WORK TASK:
Below is a listing to transcribe in full and exactly; keep the pictures out.

DATASET EXTRACT:
....................
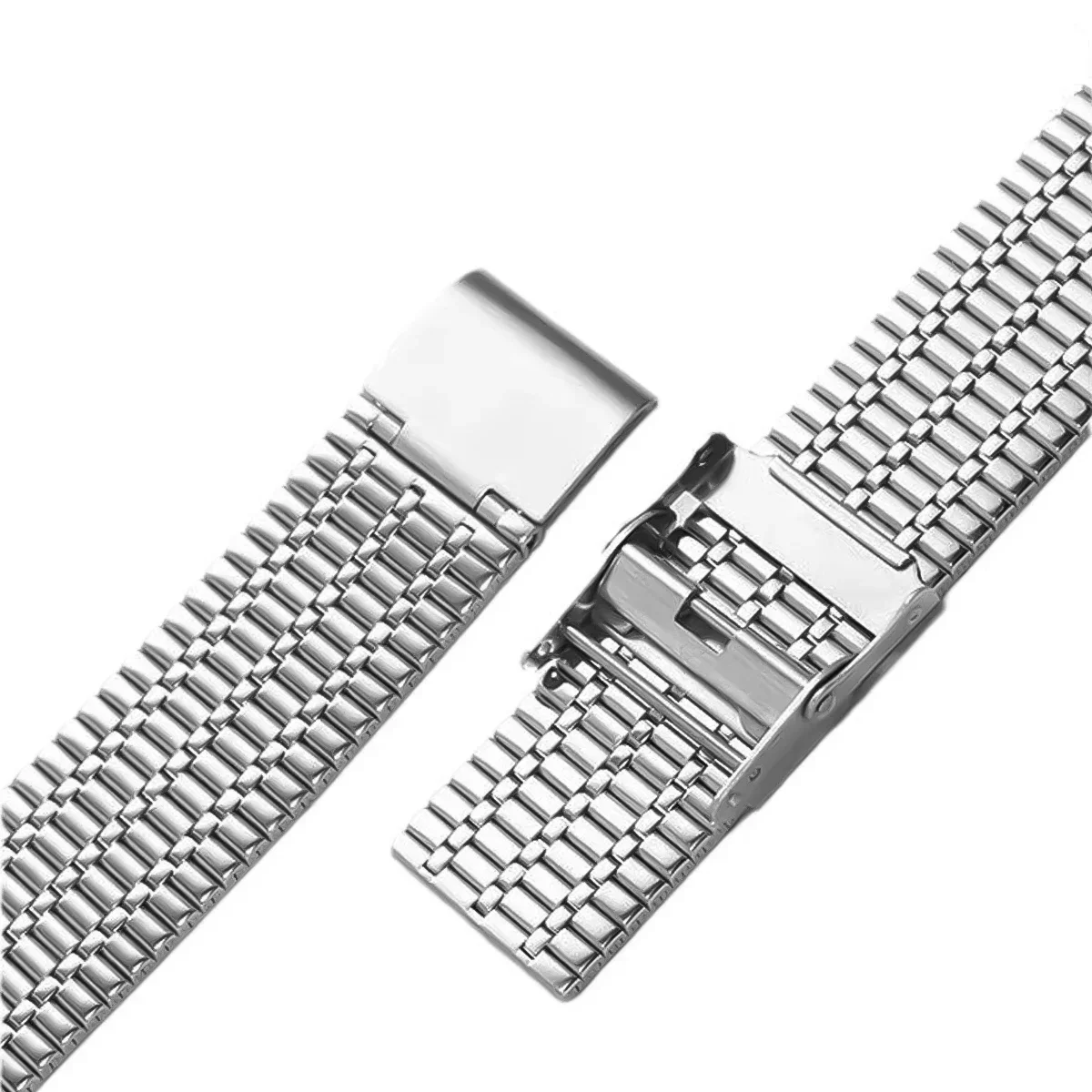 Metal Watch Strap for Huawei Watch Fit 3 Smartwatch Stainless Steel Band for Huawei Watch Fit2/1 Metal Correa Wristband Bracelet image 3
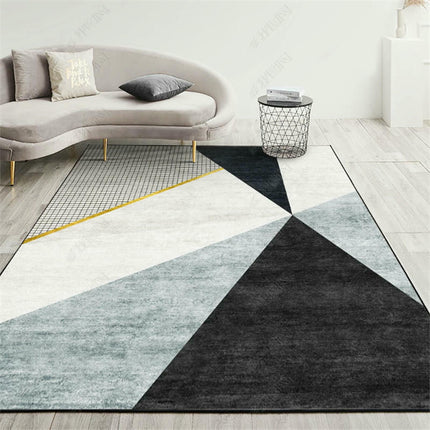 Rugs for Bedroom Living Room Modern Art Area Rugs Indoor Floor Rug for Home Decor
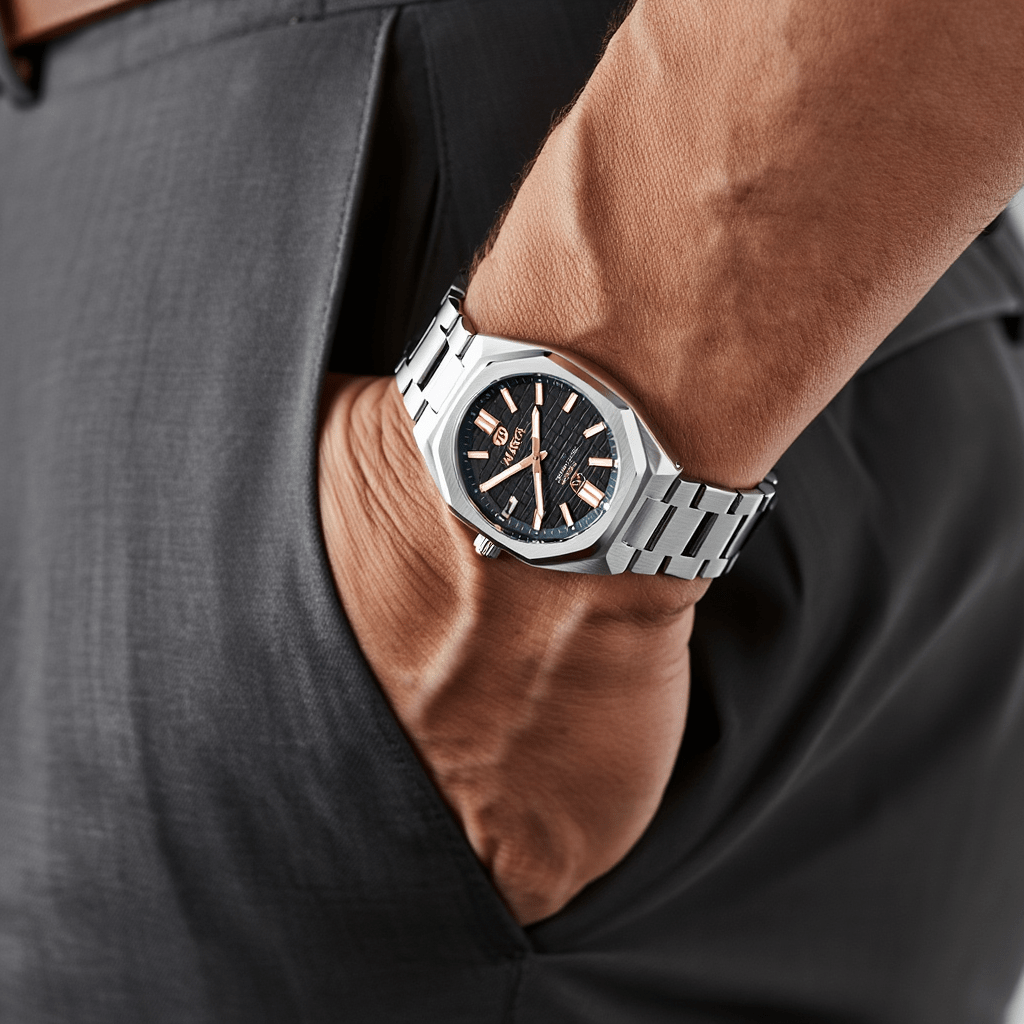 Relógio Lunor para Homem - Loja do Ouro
....................
THE ANSWER:
 Metal Watch Strap for Huawei Watch Fit 3 Smartwatch Stainless Steel Band for Huawei Watch Fit2/1 Metal Correa Wristband Bracelet image 3
 Rugs for Bedroom Living Room Modern Art Area Rugs Indoor Floor Rug for Home Decor
 Relógio Lunor para Homem - Loja do Ouro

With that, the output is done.